Love is so important to us. We so much need it. We can’t do without it. What we don’t realise at the beginning is the price it comes at.

Right there I knew I was going to like this book, because I was immediately taken back to my first pregnancy, and the fear I had that something would happen to this child I was bringing into the world. Ah well, I reassured myself, I didn’t have him (as the child turned out to be) before and I was fine, so I’d be alright! But of course, as soon as that child came into the world, my life changed and I realised things would never be the same, that if anything happened to him, I would not – indeed, could not – go back to how I was. The price of love…

The price of love isn’t all bad of course, even when the loved person dies, because there are the memories, and it is through memories that Halligan charts both Lucy’s life and her own grief. There is, though, a sort of paradox here that Halligan admits to. It’s what she calls the Janus face of grief. There’s the grief we feel for the person who has gone, for the life they are missing, the things they’ll not see or experience, and there’s that selfish grief the bereaved person feels, the loss, the misery, the wanting that person back in your life to make you happy (in effect).

It’s a complex thing grief – not linear, which Halligan knows and hence her book’s structure, and not all misery either, which Halligan also knows.
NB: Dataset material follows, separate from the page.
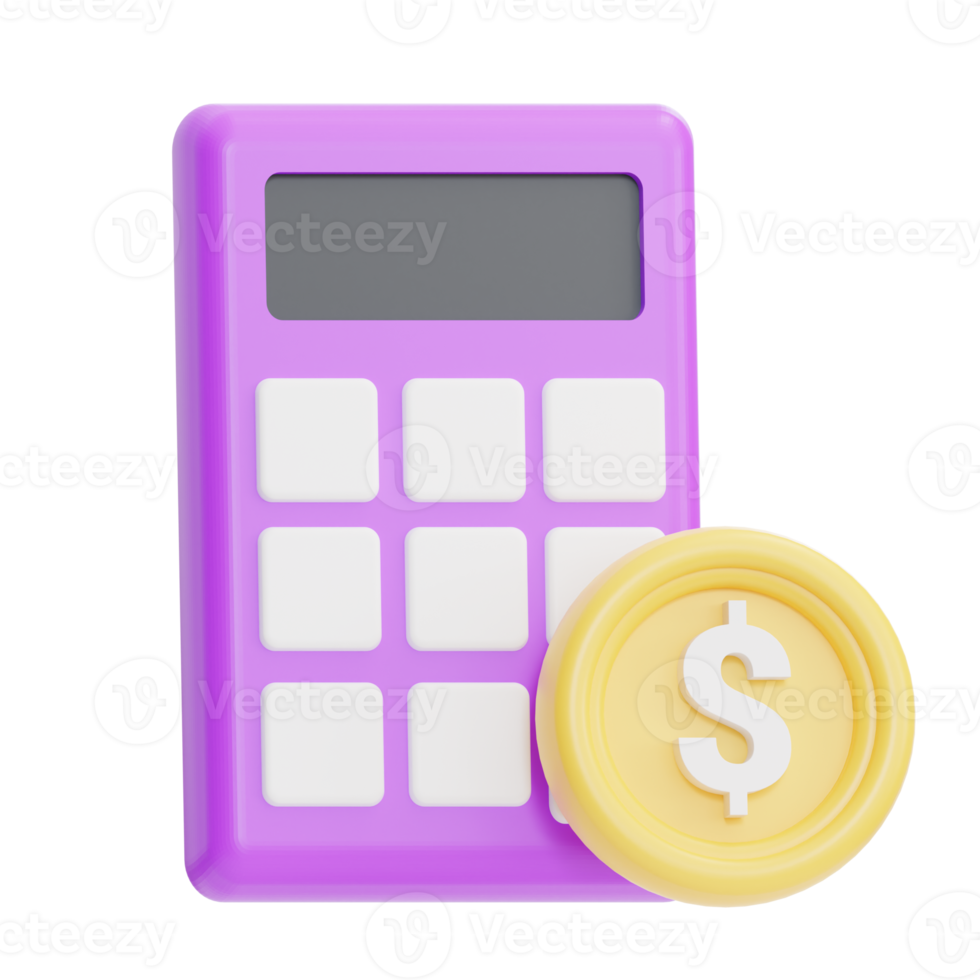 Business Icon, Calculator with Coin, 3D Illustration png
Happy, joyful memories do pop up. You do laugh. Halligan describes some special memories, and then writes this beautiful thing about them:

Those are perfect memories, I can take them out whenever I like and run their cool and sparkling shapes though my fingers, look at their brilliant colours, the light refracting through them.

These memories may not be “factual”, may not be the same as those of others who experienced the same person or event, but as Halligan would tell her sisters who questioned her memory of some family event, “Write your own narratives … this is mine and I’m sticking to it”.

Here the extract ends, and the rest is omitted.